A large-scale ecological restoration project known as “Grain for Green” was established in 1999 as a means to mitigate severe soil erosion and enhance vegetation coverage by converting steeply sloping arable land into forestland and grassland [67,68,69]. After implementing this project, the vegetation coverage for most basins on the Loess Plateau increased significantly [70,71]. Zhang et al. showed that the Malian River basin experienced three periods of vegetation coverage from 1977 to 2010: degradation (1977–1987), deterioration (1987–2000), and recovery (2000–2010) [72]. In the early stage, forest degradation was the main factor. In the middle stage, vegetation coverage reached a turning point when deterioration continued and arable land area significantly increased, especially in the loessial tableland. Forest and grassland restoration have recently improved. Figure 9 shows the level of vegetation coverage in the Malian River basin from 1982 to 2015. The vegetation coverage significantly increased with time (p < 0.01), and the average annual vegetation coverage of the growing season was 35.31%, increasing at an annual rate of 0.287% yr⁻¹. From 1982 to 1999, the average annual vegetation coverage was 33.2%, compared to approximately 47% in 2012. These results indicate that large-scale engineering measures increased the vegetation coverage significantly due to the implementation of the Grain for Green project in 1999.

After the Grain for Green policy was instituted, the region of forestland and grassland in the basin gradually increased, which is an important factor for the reduction of runoff and sediment loads. Due to the geographical location, water resources are restricted in the northern region, where the vegetation restoration is far less vigorous than in the southern forest region, and the sediment load is still the most serious across the basin. In addition, numerous gullies in the northern region hinder vegetation, and since the vegetation is mostly herbaceous, runoff and sediment load reductions were limited compared to the use of macrophanerophytes in the southern region. Future research should be conducted to examine soil and water conservation in the northern basin region, which is controlled by Hongde Station.

5. Conclusions

The present study examined the spatial and temporal variations of runoff and sediment load at six hydrological stations in the Malian River basin between 1960 and 2016.The Malian River basin exhibited a decreasing annual runoff and sediment load trend of 0.027 × 10⁸ m³ yr⁻¹ and 0.0102 × 10⁸ t yr⁻¹, respectively.

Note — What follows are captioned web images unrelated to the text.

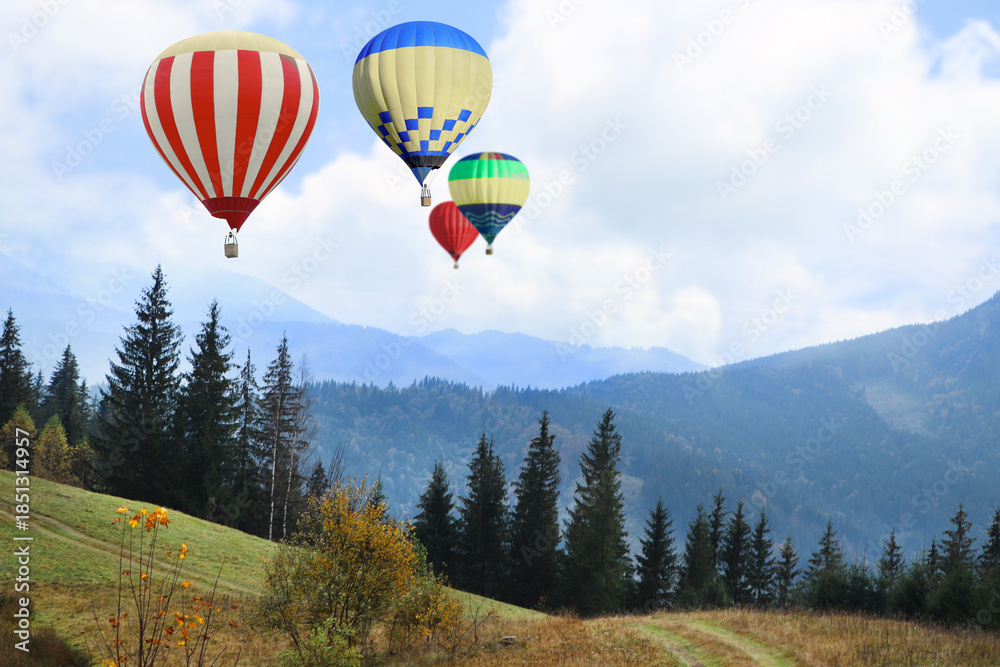 Fototapeta premium Colorful hot air balloons flying above mountains
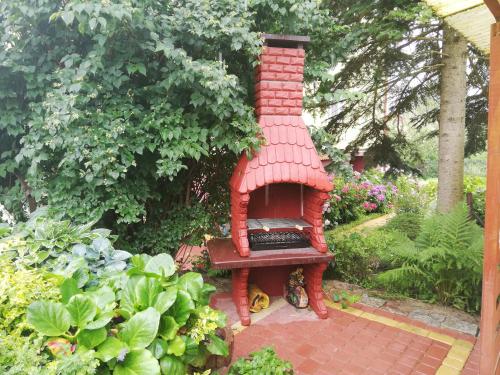a small red brick oven sitting in a garden at Domek Piaski Nad Morzem in Krynica Morska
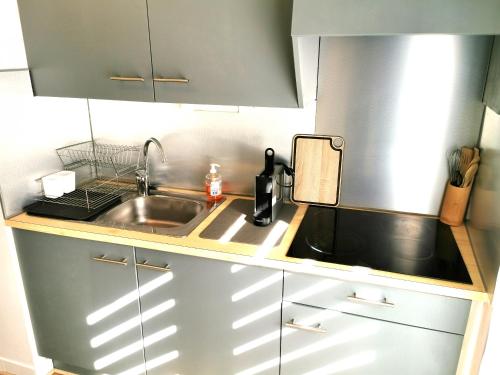 une petite cuisine avec un évier et un comptoir dans l'établissement LES ROCHES BRUNES - Face Mer, à Les Sables-dʼOlonne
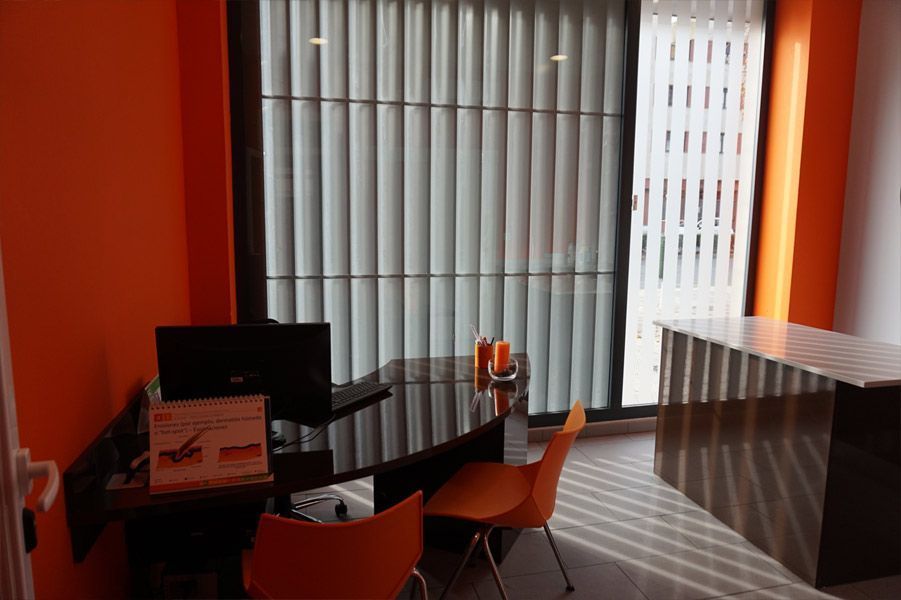 Un escritorio con una computadora portátil encima en una habitación con paredes naranjas.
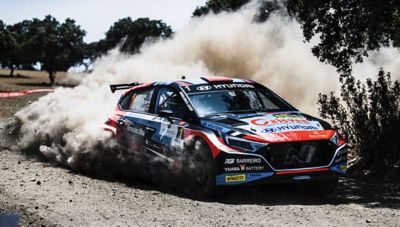 A Hyundai Rally2 car drifting through a corner.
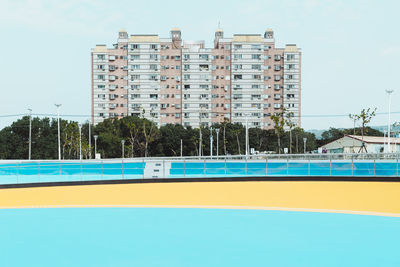 Swimming pool by building against sky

A higher runoff depth was observed downstream, while the sediment yield was higher upstream of the basin. Rainfall and anthropogenic activity contributed to runoff and sediment load reductions in the Malian River basin based on the double-mass curve. Specifically, anthropogenic activities accounted for 90.7% and 78.7% of the runoff and sediment load reduction, respectively. The sediment identity factor analysis indicated that the sediment concentration, runoff coefficient, and rainfall contributed an average of 24.5%, 57.8%, and 17.7% to the sediment load reduction, respectively. The sediment yield was still higher in the Malian River basin compared to other watersheds on the Loess Plateau; however, it exhibited an evident decreasing trend. The spatial distribution results exhibited a high sediment yield upstream of the study area, possibly due to significant implementations of soil and water conservation in this region.